Anticipation already building for All Blacks vs Ireland November clash

New Zealand’s November 9 Test with Ireland in Dublin is the must-see rugby game of the year.

That’s the view of respected English rugby writer Chris Hewett.

He said everything else pales in comparison in his weekly column in The Rugby Paper.

“Ireland-New Zealand will be the headline news: two state-of-the-art teams engaged in a ‘championship of each other’ to pinch a gloriously resonant phrase from the world of boxing.

“It took the Irish something more than a century to find a way of beating the Kiwis; a single draw at the old Lansdowne Road in 1973 was their best showing in the 28 games played between 1905 and 2015.

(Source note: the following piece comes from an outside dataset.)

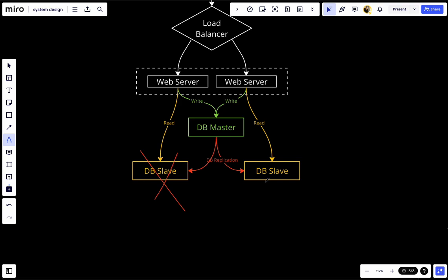As we discussed with load balancers improving system availability, we ask the same question here: what if one of the databases goes offline? If only one slave database is available and it goes offline, the read operations will be served by the master database until a new slave is introduced to replace the destroyed slave.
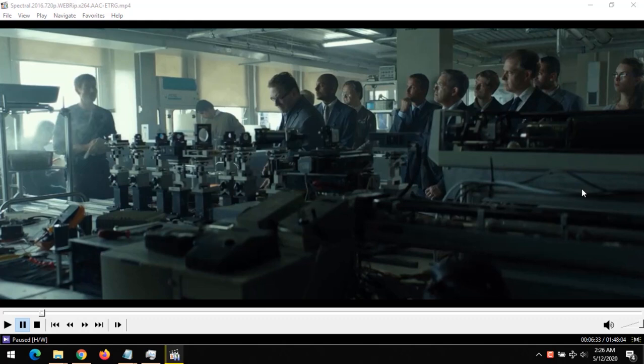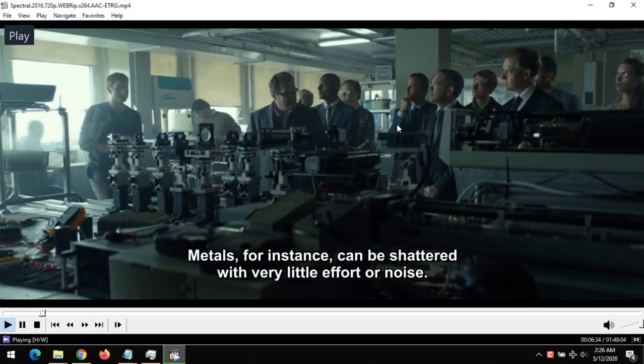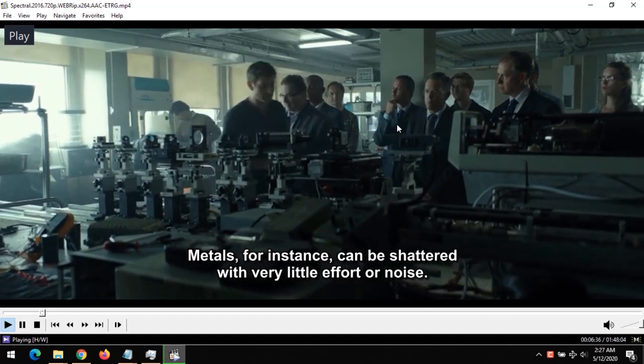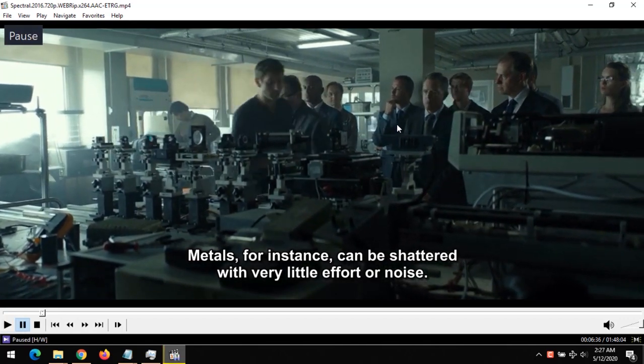Hello, good day and welcome to About Device. Today we are going to be learning how to sync subtitle files on MPC-HC. In order to sync a subtitle file, launch the video and also load the subtitle.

“Then came the first victory, in Chicago of all places. Since when, the two teams have traded blows like Muhammad Ali and Joe Frazier: eight games, a majority of them bordering on the epic, with four wins apiece.”

Hewett went so far as to rate Ireland the new Enemy No. 1 for the All Blacks, even ahead of their rivalry with the world champion Springboks.

That, he said, was because the Springboks, who had become masters of sudden-death rugby on the grandest stags, had developed the habit of saving their best for Rugby World Cups.

Their best players spend the rest of their time playing in England, France or Japan.

“One of the reasons Ireland-New Zealand enmity is emerging as the defining struggle of the in-between years is their shared approach to the international game.

“Both base their structure on a small number of professionalised provincial teams with a strong input from their national unions.

“Both do their damnedest to keep players onshore. Both draw heavily on a constellation of high-performing rugby schools (by no means all of them fee-paying, apart from those in swanky Dublin).”

But Ireland’s success in securing its place near the top of the world rankings over the last decade means Aviva Stadium has supplanted Twickenham as the acid test for southern hemisphere sides, and the All Blacks are the team that attracts the biggest crowds.

“Now throw in the Andy Farrell factor. If Rassie Erasmus and his megalithic Springboks – a scrum the size of Stonehenge and just as immovable – makes him a natural for the pantomime villain role down there in Henry-Hansen-Smith territory, Farrell is respected as the classiest of class acts and feared as a genuine threat. He needs to be taken down.”

While the All Blacks also have to meet France a week after the Dublin encounter, Hewett said there has been no sign Fabien Galthie’s side has gotten over its World Cup disappointment.

“Thanks in no small part to Farrell’s stewardship of his squad, the Irish are in a different, far more positive place, which is why the All Blacks identify the Aviva Stadium as the place of greater jeopardy.”